Off-duty Officer Harry Olsen was in Oak Cliff on 22 November 1963 supposedly guarding a house on 8th, the estate of a lady who had died. Olsen’s girlfriend, later wife, Kay Coleman’s Warren Commission testimony--by counting blocks by reference to her apartment on N Ewing and the 7/11 store (still there at Lancaster and 8th, it was the first 7/11 in the whole of the USA) --places Olsen on 22 November 1963 at 8th at the Lansing block. She gave him an alibi for 12:30 pm. When asked how Olsen knew Kennedy had been shot, the answer was that a friend of the dead woman had called to tell her. That block on 8th is also where researcher Prof. Greg Pulte put Olsen, by property description and counting the blocks.

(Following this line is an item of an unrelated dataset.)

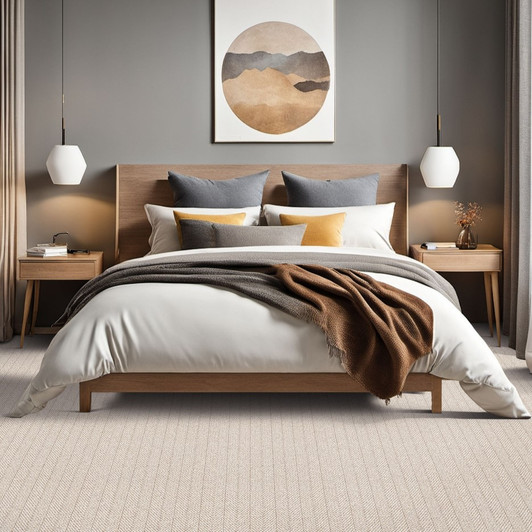 Buy Engineered Floors Interstellar 3236 Residential Carpet at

Warren Commission staff papers now on the web have an Olsen dossier. In July of 1964, J. Lee Rankin asked Hoover, “The Commission is interested in exploring the possibility that Harry Olsen…and Kay Coleman, a strip tease dancer for Jack Ruby, assisted Ruby in the killing of Lee Harvey Oswald.” Rankin then asked for phone calls of the pair for 11/23 and 11/24.

Olsen was reportedly asked later in life whether he was involved in the shooting of Tippit. According to Michael Brownlow he said, “a lot of people followed orders that day”. (See Jack Myers, “How Oswald was framed for the Murder of Tippit”, Pt. 3) That would indicate a rogue command structure from the top rather than junior officers like Tippit and Nelson, who may merely have operated as commanded.

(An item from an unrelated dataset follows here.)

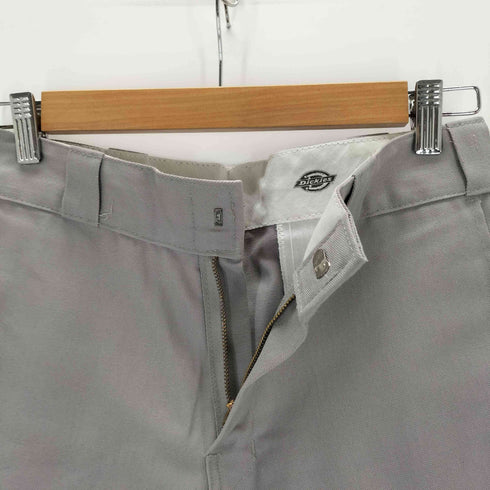 ディッキーズ Dickies 874 ワークパンツ メンズ 29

Olsen lied to the FBI and Warren Commission. He said that the night after the assassination Kay and he chanced across Jack Ruby around midnight at a parking garage near the Carousel Club; they had a chat, and that they had gone there to meet a person called Johnny. However, it transpired that “Johnny” was the garage attendant Johnny Simpson and he said there was no meeting with him, but he did see the others there. By Kay Olsen’s testimony the meeting with Ruby lasted 2 ½ hours. Despite that testimony raising even more questions about a conspiracy to kill Oswald, Hoover closed the inquiry in a letter of 4 September 1964.

Some of the Olsen Warren Commission deposition was done off the record and is not known to this author. The counsel who gave Olsen an easy ride despite the problems with his testimony was Arlen Specter, who was also the creator of the Single Bullet Theory.

Coleman was British and divorced from her US husband. She and Olsen drove 125 miles to see Olsen’s father in Wichita Falls. They left Dallas at 2 pm Sunday 24 November 1963, arriving in Wichita at 6:30pm. They left there at 10:30 pm, to tell him they were getting married. The reason Olsen gave for being off work on 22 November 1963 was his having a bad leg. But his testimony about his movements that weekend indicates someone very much mobile.

IV

From the tape and transcripts and Warren Commission testimonies, there were other officers in Oak Cliff from 12:30 pm. Officer William Mentzel was at Luby’s Cafeteria on E. Jefferson Boulevard one block and 500 yards from opposite the Texas Theater on E Jefferson Boulevard. He claimed to the FBI in 1963/64 not to have known of the assassination until his lunch break ended at 1:00 pm, as he didn’t have radio contact and couldn’t get through to DPD HQ by the payphone at Luby’s as the line was always engaged.

But he did have radio contact. The tape has him calling “91 clear” at 12:33pm immediately after the 5-minute radio jam (that jamming is suspicious) across the assassination event ended. There are sirens going in the adjacent call. Mentzel’s story also changed for the HSCA when he said a waitress at Luby’s told him at about 12:45pm that Kennedy had been shot. (McBride, p. 428)He also claimed that after 1:00 pm, that he went to the scene of a motor accident. This is also dubious. From the tape he can be heard taking the call, and he interjects several times; but he hands the assignment to another officer, Patrolman Nolan. From the tape, Mentzel was anxious – and he labors the whole incident - to establish that the western part of West Davis was the venue of the accident, rather than the eastern part.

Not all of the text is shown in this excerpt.